Ex-Army contractor, accused of leaking classified information, to be released to home detention
RALEIGH, N.C. (AP) — An Army veteran accused of revealing classified information about an elite commando unit — members' names, tactics and a unit alias among them — to a journalist and on social media will be released awaiting a possible trial, a judge ruled Monday.
Courtney Williams, 40, who is charged with four counts of communicating and disclosing national defense information about a “special military unit” at Fort Bragg, North Carolina, after working for it as a civilian, appeared in federal court in Raleigh.
U.S. Magistrate Judge Brian Meyers agreed to release Williams, who was arrested last week and wore a striped jumpsuit in court, under home detention and location monitoring. She's barred from having contact with the media or using social media, Meyers said.
Williams' attorney, Christian Dysart, declined to comment after the hearing, which came more than a week after a criminal complaint was filed in her case.
The complaint was unsealed last week on the same day a grand jury indicted Williams and the U.S. Justice Department announced her arrest.
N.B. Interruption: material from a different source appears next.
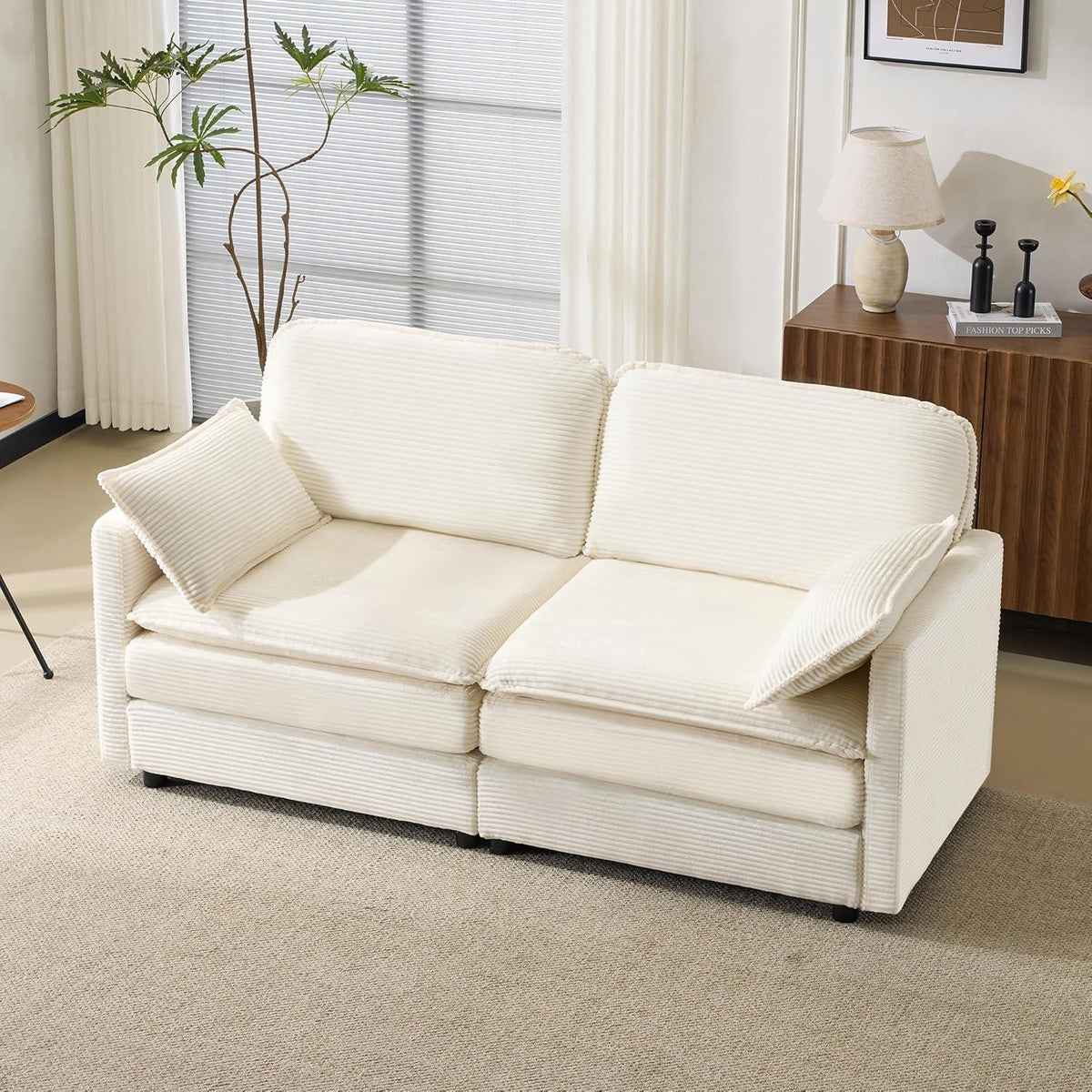 2-Sitzer Cord Sofa | Modernes Mini Sofa 176cm Beige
An FBI official said then her alleged disclosures put “our nation, our warfighters, and our allies at risk.” Each count is punishable by up to 10 years in prison, the government says, along with monetary penalties.
Court documents say Williams, who was hired as a defense contractor in 2010 and became a Department of Defense employee months later, worked for a “special military unit” at Fort Bragg until 2016 and held a top-secret security clearance.
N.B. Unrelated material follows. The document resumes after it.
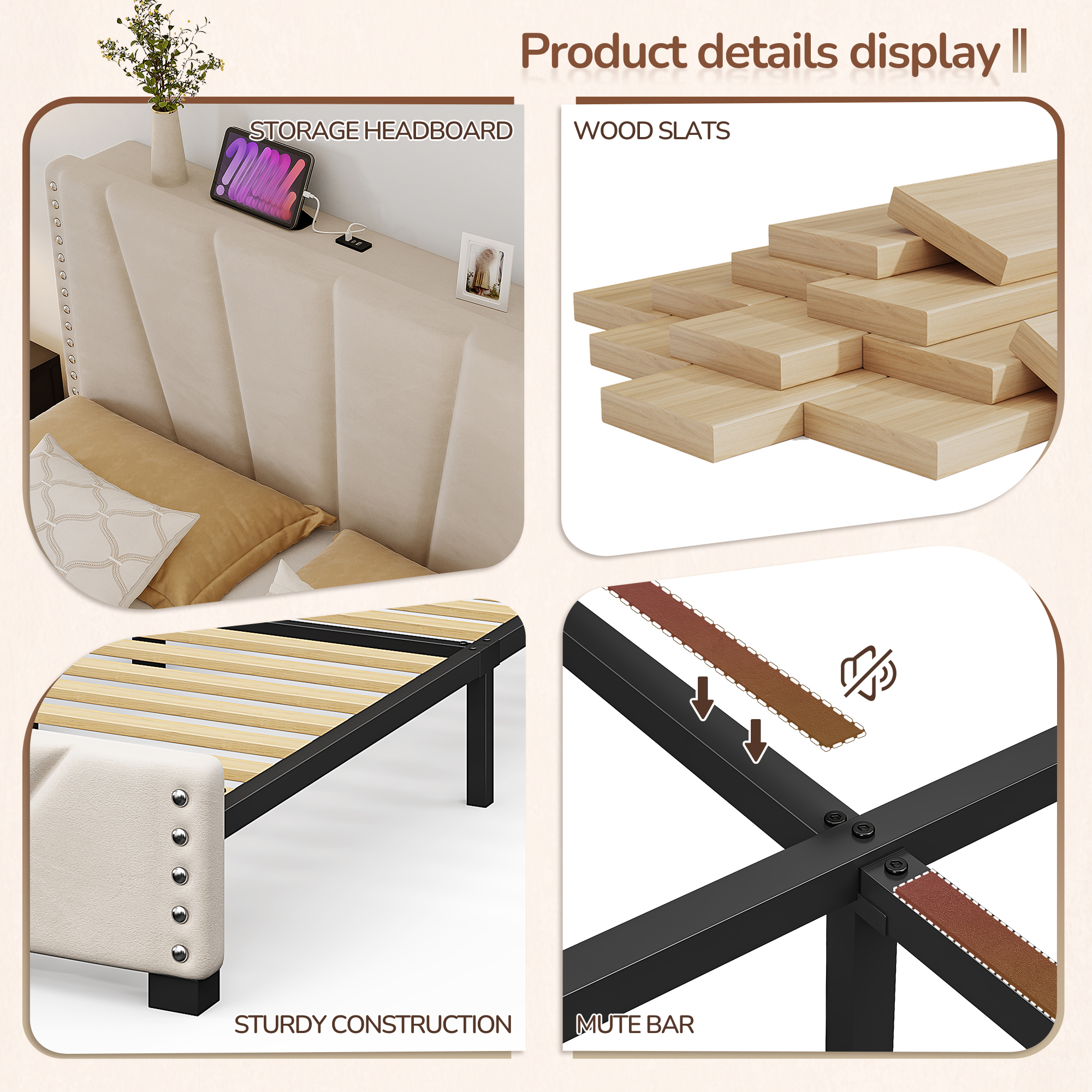 EnHomee Full Platform Bed with LED Lights & Headboard, Beige photo 3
Although the reporter and unit are not named in the court filings, dates and details match an article and book about the Army’s secretive Delta Force written by Seth Harp.
Williams, who lives about 35 miles (56 kilometers) from Fort Bragg, was the focus of a 2025 Politico article with the headline: “My Life Became a Living Hell: One Woman’s Career in Delta Force, the Army’s Most Elite Unit.” The article, which describes Williams as serving previously in the Army as an interrogator and Arabic linguist, coincided with the release of Harp’s book, “The Fort Bragg Cartel,” which alleges sexual harassment and discrimination.
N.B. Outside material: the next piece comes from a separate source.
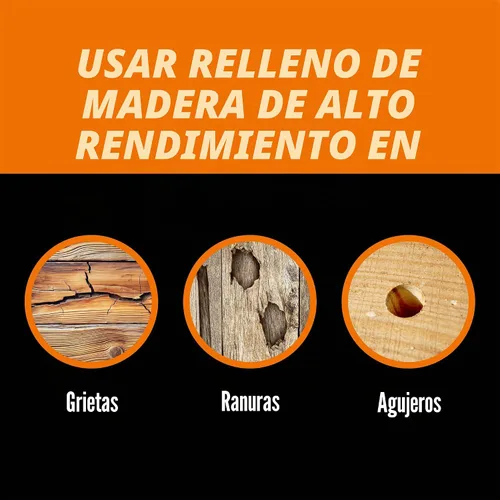 Vista 4 de Kit de reparación de madera de Gorilla, relleno multiusos con espátula y bloque de lijado.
The indictment alleges that between 2022 and 2025, Williams was in contact with the author, resulting in more than 10 hours of phone calls and exchanging hundreds of text messages.
The indictment alleges in part that Williams unlawfully disclosed a “cover alias identity issued and owned” by the unit; tactics and techniques the unit used to “execute covert missions without being detected”; and “true names of individuals” assigned to the unit, and “their capture during a sensitive military mission in a foreign country.”
Harp said last week in a written statement that Williams is a “courageous whistleblower” on discrimination and harassment within Delta Force and contends former unit members reveal incidentally on podcasts and YouTube shows unit details that the government now labels a crime by Williams.
“I am confident that the DOJ’s slapdash indictment, full of misleadingly juxtaposed quotations taken out of context, will fall apart upon careful scrutiny,” Harp wrote.
An FBI agent's affidavit said that Williams had signed nondisclosure documents regarding classified materials while working for the unit and as she left her job.
The affidavit says Williams messaged the journalist on or about the article's release expressing concern about “the amount of classified information being disclosed.” And in another alleged exchange, she told her mother she may get arrested “for disclosing classified information.”